* _Data in this exercise_
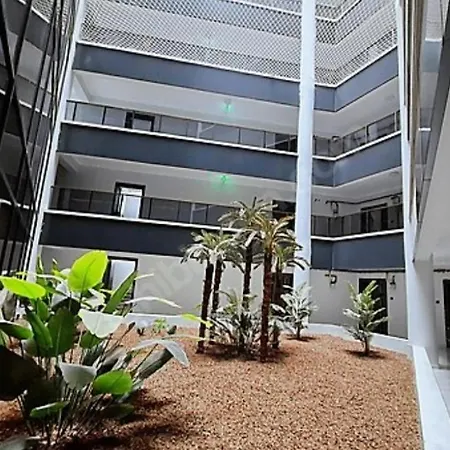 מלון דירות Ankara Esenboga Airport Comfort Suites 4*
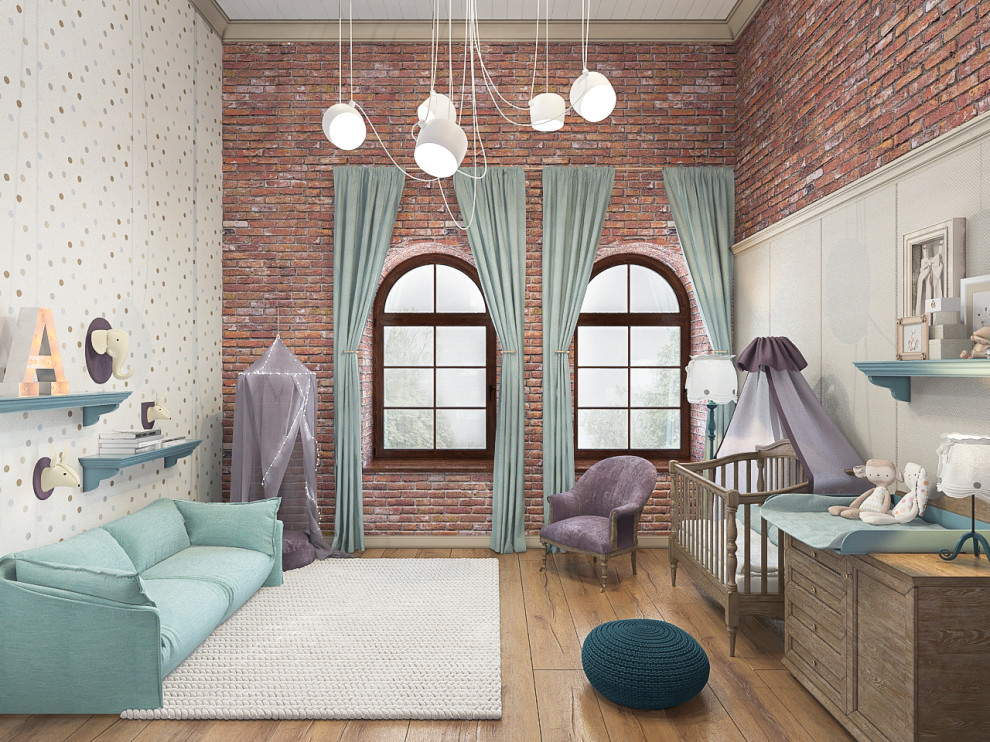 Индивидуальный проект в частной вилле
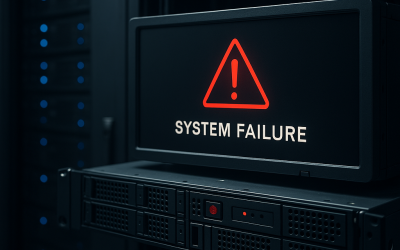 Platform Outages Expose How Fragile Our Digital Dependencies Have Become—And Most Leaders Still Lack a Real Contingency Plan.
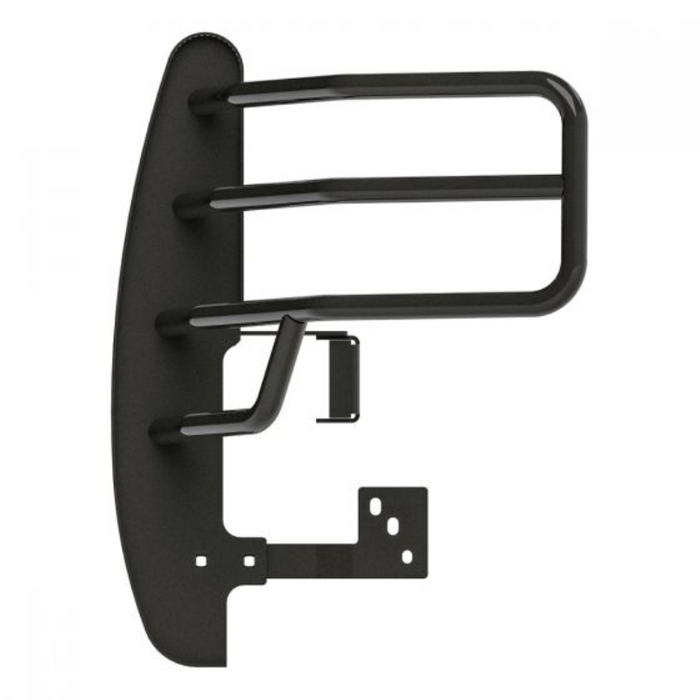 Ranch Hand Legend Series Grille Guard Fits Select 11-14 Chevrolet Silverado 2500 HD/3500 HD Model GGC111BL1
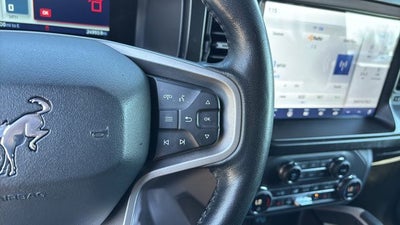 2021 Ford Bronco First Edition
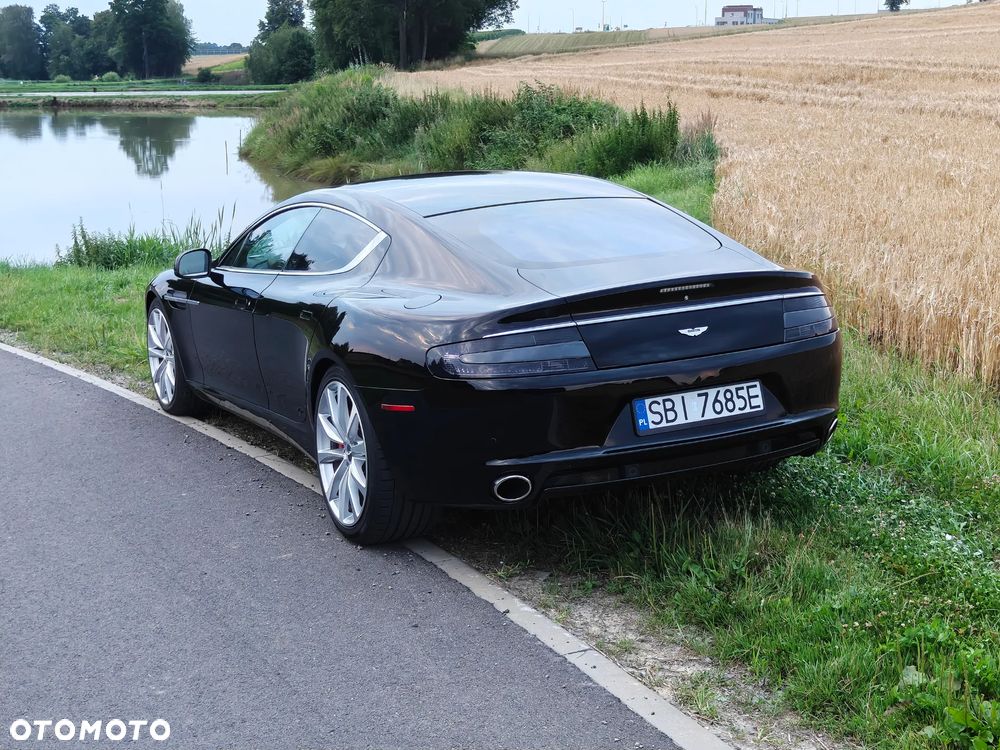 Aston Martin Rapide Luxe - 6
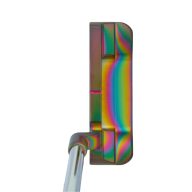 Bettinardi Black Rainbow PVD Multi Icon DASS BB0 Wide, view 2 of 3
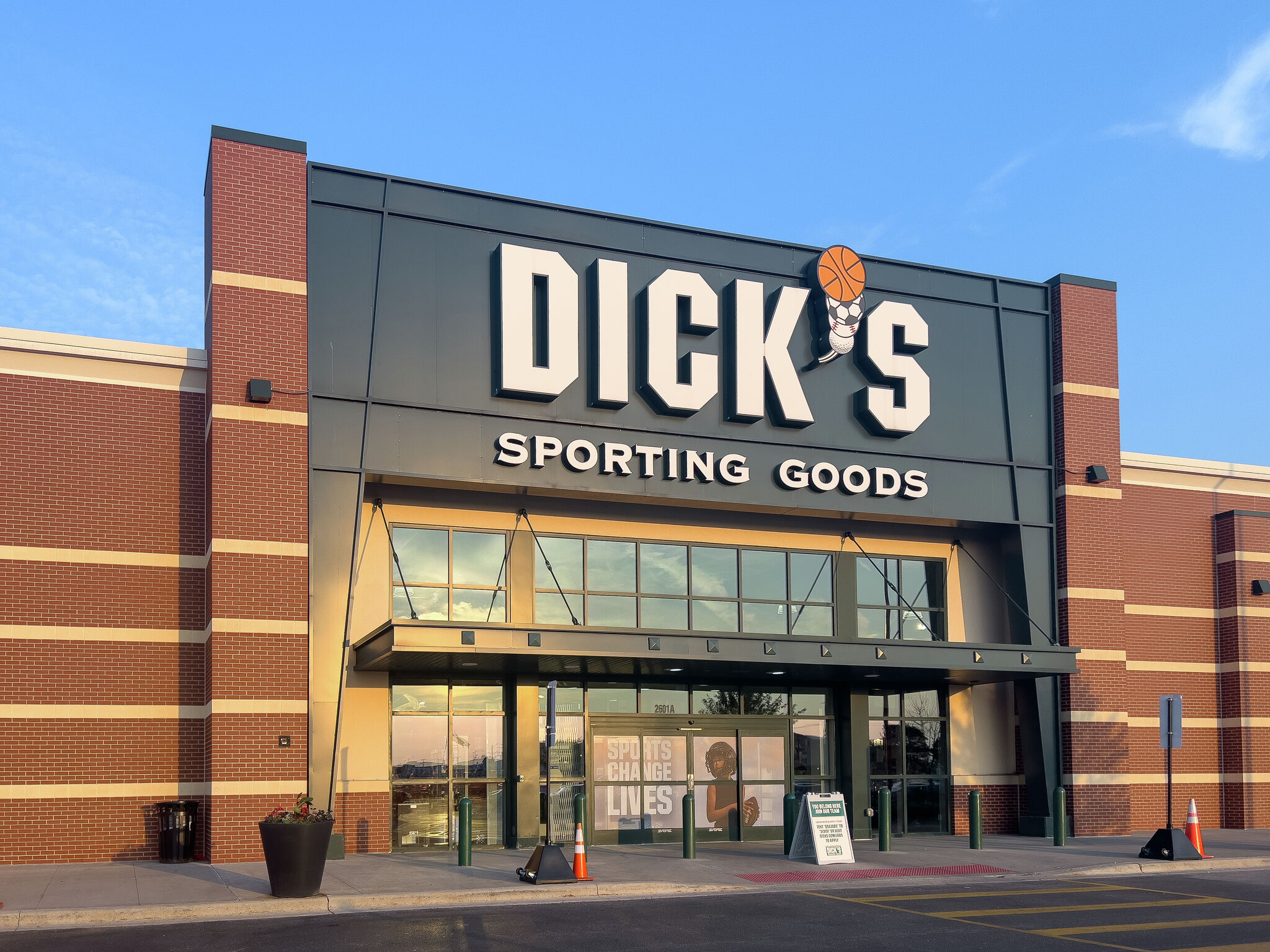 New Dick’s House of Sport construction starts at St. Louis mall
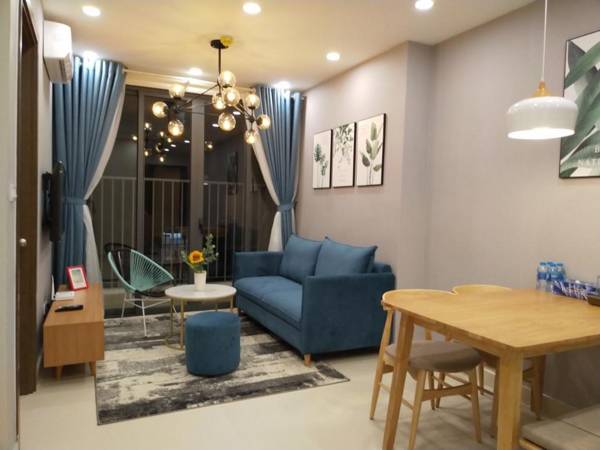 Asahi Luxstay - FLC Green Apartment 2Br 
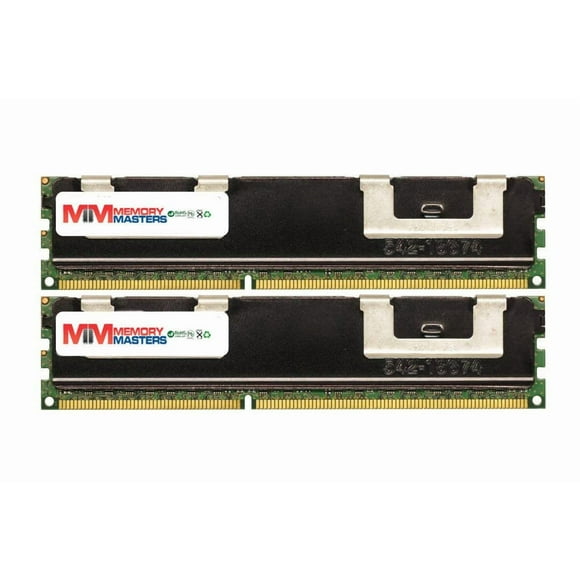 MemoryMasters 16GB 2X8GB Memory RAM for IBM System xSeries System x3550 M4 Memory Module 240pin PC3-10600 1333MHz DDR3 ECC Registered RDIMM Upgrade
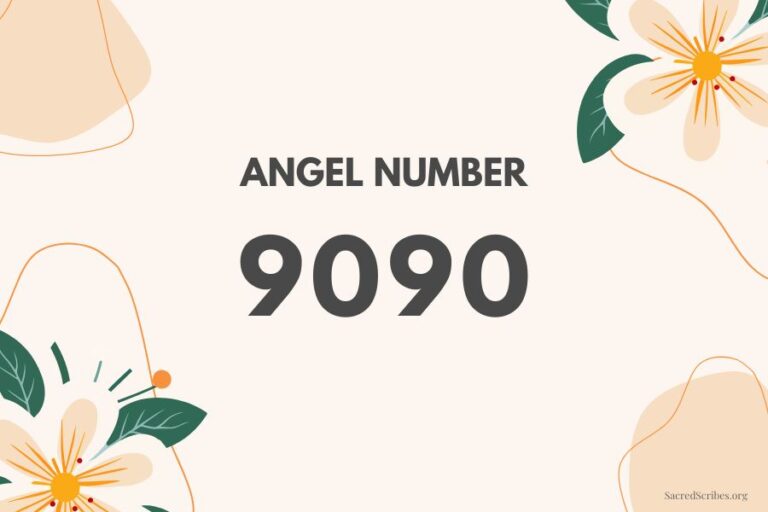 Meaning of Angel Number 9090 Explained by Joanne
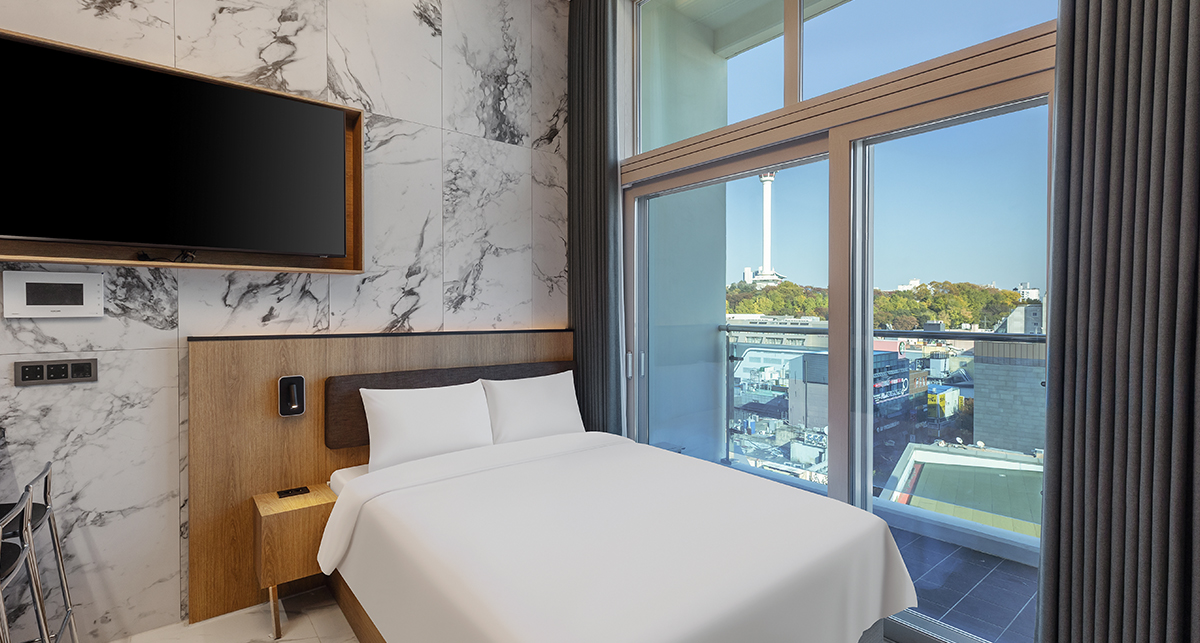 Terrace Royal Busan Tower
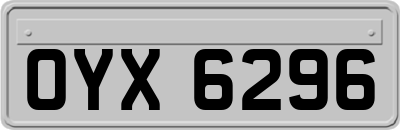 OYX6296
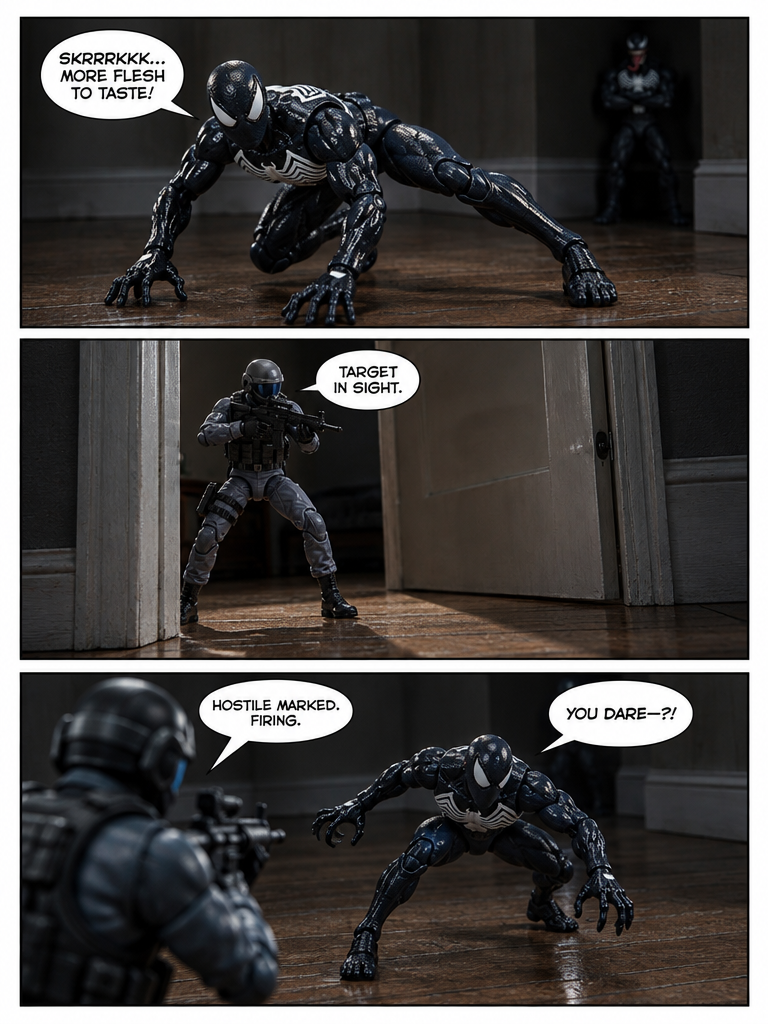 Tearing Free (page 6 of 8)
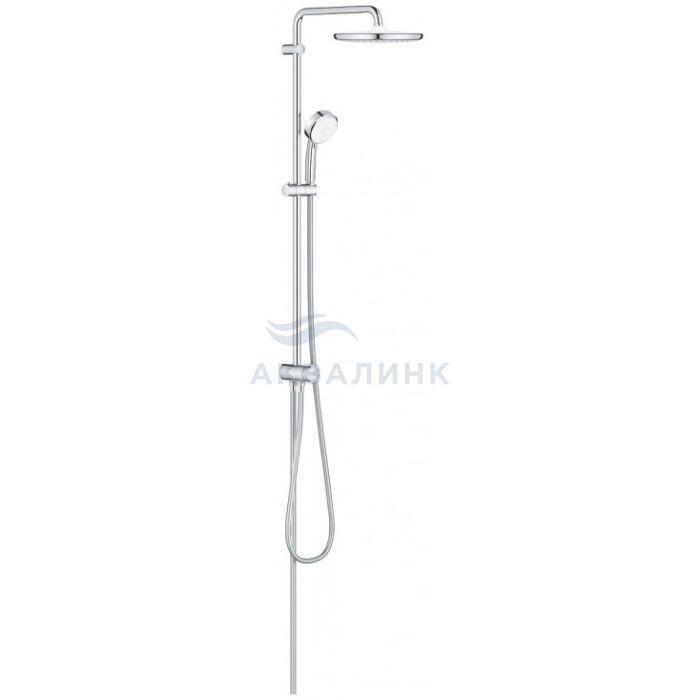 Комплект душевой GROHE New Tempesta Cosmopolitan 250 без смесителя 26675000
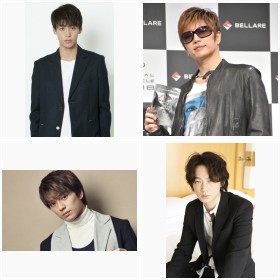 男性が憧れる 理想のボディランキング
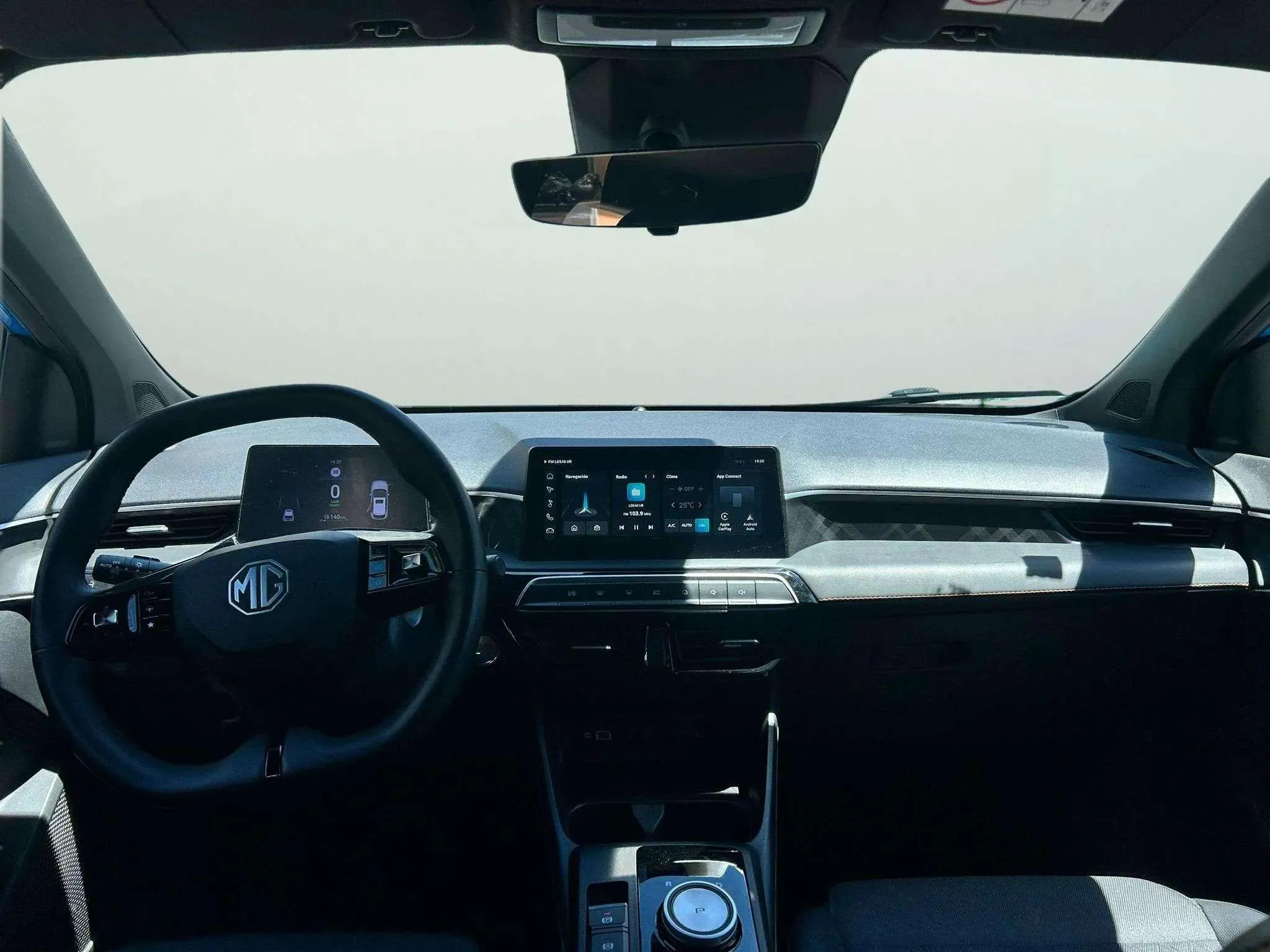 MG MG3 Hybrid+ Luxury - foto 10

* _What this task involves_
An exact copy of every entry, minus the pictures, is what you should return.

* _Answer for the task_
 מלון דירות Ankara Esenboga Airport Comfort Suites 4*
 Индивидуальный проект в частной вилле
 Platform Outages Expose How Fragile Our Digital Dependencies Have Become—And Most Leaders Still Lack a Real Contingency Plan.
 Ranch Hand Legend Series Grille Guard Fits Select 11-14 Chevrolet Silverado 2500 HD/3500 HD Model GGC111BL1
 2021 Ford Bronco First Edition
 Aston Martin Rapide Luxe - 6
 Bettinardi Black Rainbow PVD Multi Icon DASS BB0 Wide, view 2 of 3
 New Dick’s House of Sport construction starts at St. Louis mall
 Asahi Luxstay - FLC Green Apartment 2Br 
 MemoryMasters 16GB 2X8GB Memory RAM for IBM System xSeries System x3550 M4 Memory Module 240pin PC3-10600 1333MHz DDR3 ECC Registered RDIMM Upgrade
 Meaning of Angel Number 9090 Explained by Joanne
 Terrace Royal Busan Tower
 OYX6296
 Tearing Free (page 6 of 8)
 Комплект душевой GROHE New Tempesta Cosmopolitan 250 без смесителя 26675000
 男性が憧れる 理想のボディランキング
 MG MG3 Hybrid+ Luxury - foto 10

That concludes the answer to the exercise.